Issue |
Mechanics & Industry
Volume 19, Number 1, 2018
|
|
---|---|---|
Article Number | 102 | |
Number of page(s) | 9 | |
DOI | https://doi.org/10.1051/meca/2017035 | |
Published online | 24 August 2018 |
Regular Article
Estimation of the resonance amplitude in machines with inertia vibrator in the coast-down phase
AGH University of Science and Technology, al. Mickiewicza 30,
30-059 Krakow,
Poland
* e-mail: cieplok@agh.edu.pl
Received:
14
September
2016
Accepted:
14
October
2017
The work concerns mechanical systems with transient resonance formed as a result of an unbalanced rotating mass passing through an area of the system's natural frequency. In particular, this concerns over-resonant vibrating machines driven by inertia vibrators, which during start-up and coast-down pass through the natural frequency area related to the vibrating mass – flexible suspension system. The work analyses a system consisting of a soft-mounted machine body excited into vibrations by means of the inertia vibrator in order to designate the amplitude of resonant vibration, taking into consideration strong coupling between movements of the body and vibrator. The research results are presented in the form of nomograms and approximation formulas expressed in terms of relative parameters. The results of the theoretical research were verified on the laboratory model and industrial machines.
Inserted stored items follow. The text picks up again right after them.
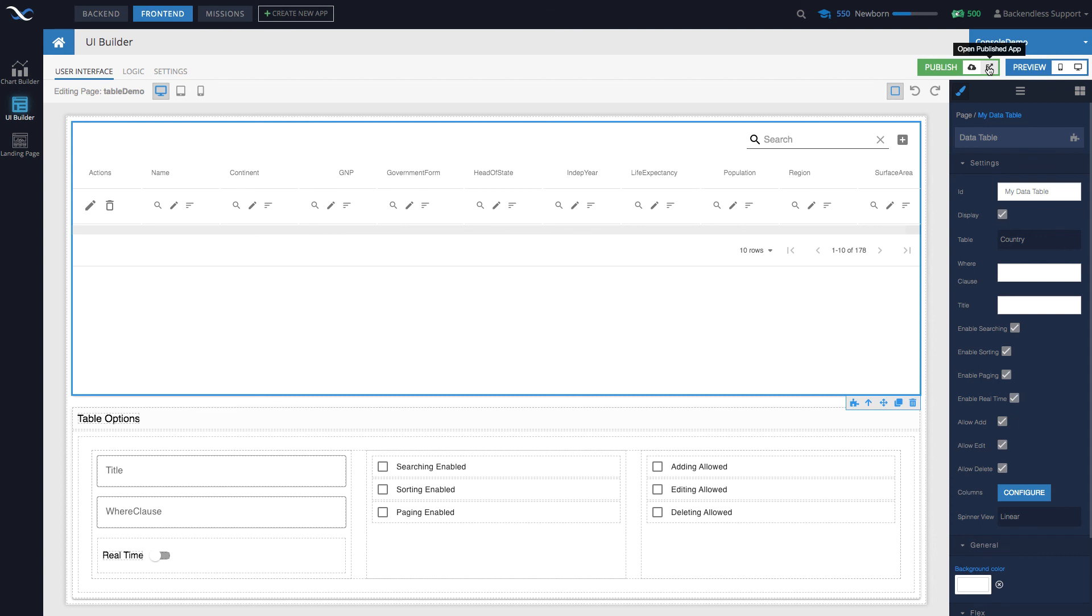But opening up the published app will always open the home page of your application. So very straightforward mechanism. Now you know exactly where it goes whenever you publish, you know how to compress it into a single archive to take it somewhere else if you want to.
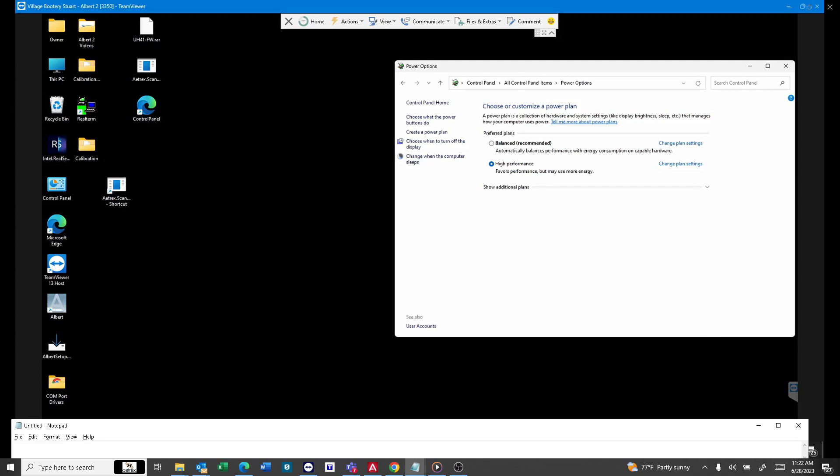I have a customer who has a problem where they cannot shut off their PC. Windows for the longest time has had this fast startup process. It's the ability to shut off the computer and it restarts it. A lot of times, that is not enabled.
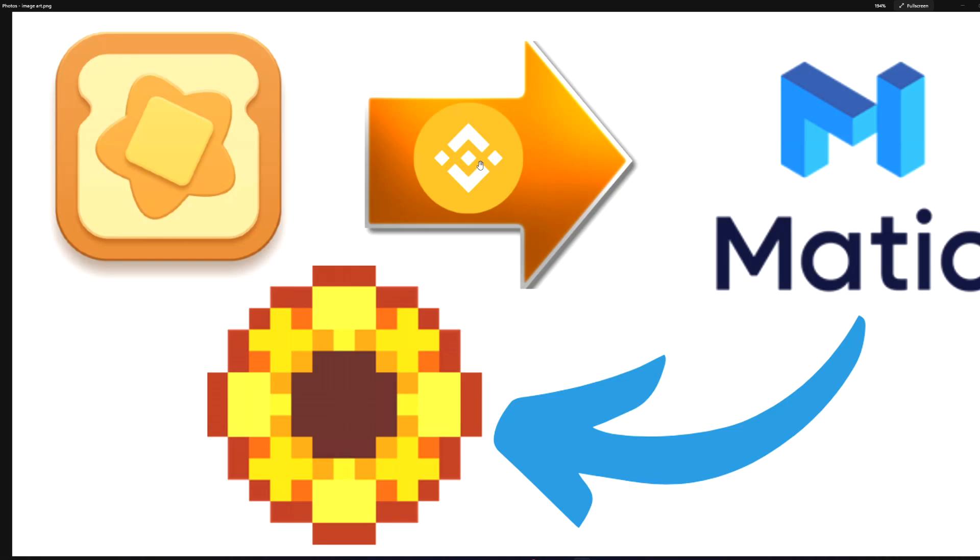What's up Pay2Play community. Today I'm going to be showing you how to use Butterswap to swap BNB tokens or any other blockchain cryptocurrency into Matic. And then from there we're going to use Matic to get sunflower farmers and start playing this game.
Key words: Vibratory machines / transient resonance / estimation of maximal amplitude / nomogram method
© AFM, EDP Sciences 2018
1 Introduction
Rotating machines with unbalanced rotors mounted on flexible suspensions may, during their start-up and coast-down, be subjected to strong vibrations. The appearance of resonance is connected with the interaction of inertia forces of unbalanced rotors with the machine body in the field of the system's vibration frequency: vibrating mass – flexible suspension. Defining the amplitude of these vibrations in the case of stationary resonance does not represent a problem. Their values are decided by the particular integrals of dynamic equations of motion which, as a result of assuming a constant angular velocity of the rotor, lead generally to a linear algebraic equation.
The case is more complicated when we have to deal with transient states. Then, due to the variable in time rotational velocity of the rotor, the dynamic equations of motion are considered as non-linear. The simplest system that we may deal with, consisting of a vibrating mass excited with the help of an unbalanced rotor, is described with the fourth order differential equation. We do not know the analytical form of this equation's solution. Therefore, the published theoretical works concerning this matter are based either on simplifications or on numerical models.
Simplification can generally lead to two cases. In the first one, the simplification of the physical structure of the system is performed to such degree that calculations to obtain analytical formulas can be conducted. In this way, formulas for resonant vibration amplitude were obtained by Michalczyk [1,2] as well as by Agranowska and Blechman [3]. In both papers, the researchers used energy – kinetic energy balance of the rotational motion and vibrating mass or the kinetic energy of the vibrating mass and the potential energy of the suspension.
In the second case, the simplification concerns the dynamic analysis of the equation of motion assuming, for example, the previously mentioned course of the rotor angular velocity to be known. This case is more widely explored in the literature. These include the pioneering works of Lewis [4] and Kac, and then the works of Fearn and Millsaps [5], Leul, Dorning, Fernlund [6], Hirano [7], Banaszewski and Turkiewicz [8] or Markert and Seidler [9]. The last of these works contains the overview of the problem.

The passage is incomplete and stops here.